Califano hopes to build on those anecdotal results with the formal clinical trial, now underway at Columbia. The Oncotarget and Oncotreat tests from DarwinHealth will be used with 3000 patients in the Columbia system. Ultimately, the drugs they receive will be chosen by a board of doctors on the basis of readouts either from mutations detected by traditional sequencing or from the VIPER-based algorithm. DarwinHealth will receive no money for the tests to avoid any conflict of interest, given that Califano is part of the company’s leadership while working at the university.

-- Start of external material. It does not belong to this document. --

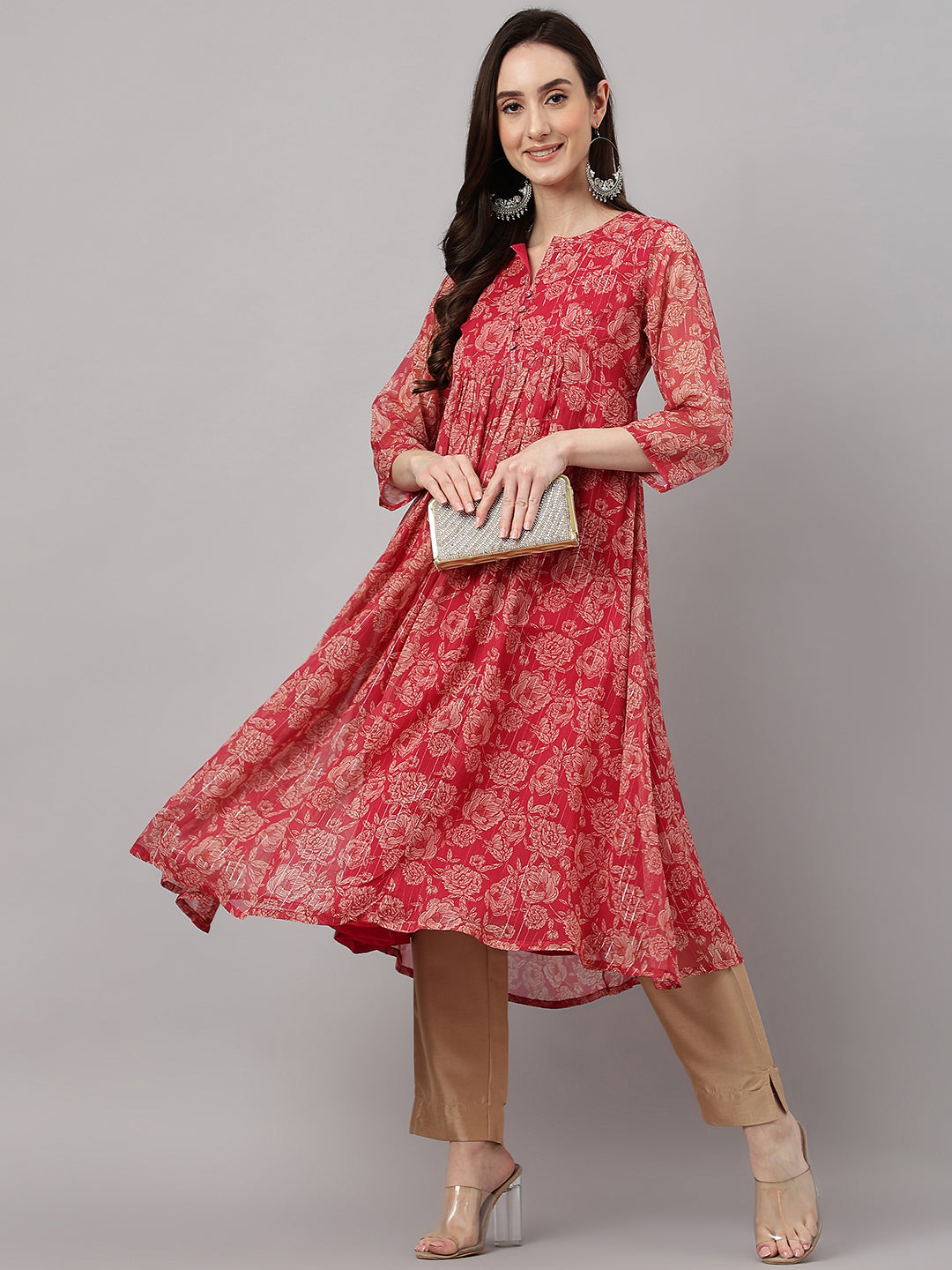 Women's Dark Pink Chiffon Lurex Floral Printed flared Kurta Janasya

Califano and Bosker are also licensing the DarwinHealth tools to other researchers around the world to test against cancer. In January, Beijing Cancer Hospital confirmed it would be using DarwinHealth’s tools to guide treatment for patients in clinical trials there. Xiaotian Zhang, an oncologist leading the new study, says that if early results look promising, the research will be expanded to other hospitals. “These clinical studies will all focus on gastrointestinal tumors, particularly gastric and esophageal cancer,” Zhang says.

As the DarwinHealth approach goes into more clinical testing sites, more patients like Kapotes will receive drugs never intended to fight their particular cancers. For some people, like her, it might buy precious time. For more than 2 years after she enrolled in the ruxolitinib trial, Kapotes’s cancer remained stable. When scans eventually showed her tumor had started to grow again, Tiersten switched her to another medication, which had just received FDA approval. These days, Kapotes is taking time to enjoy her retirement and her family. The newly approved drug she now takes works through a different mechanism, but Kapotes never would have had the chance to take it if not for ruxolitinib. “She hung on long enough because she was in the trial,” Tiersten says.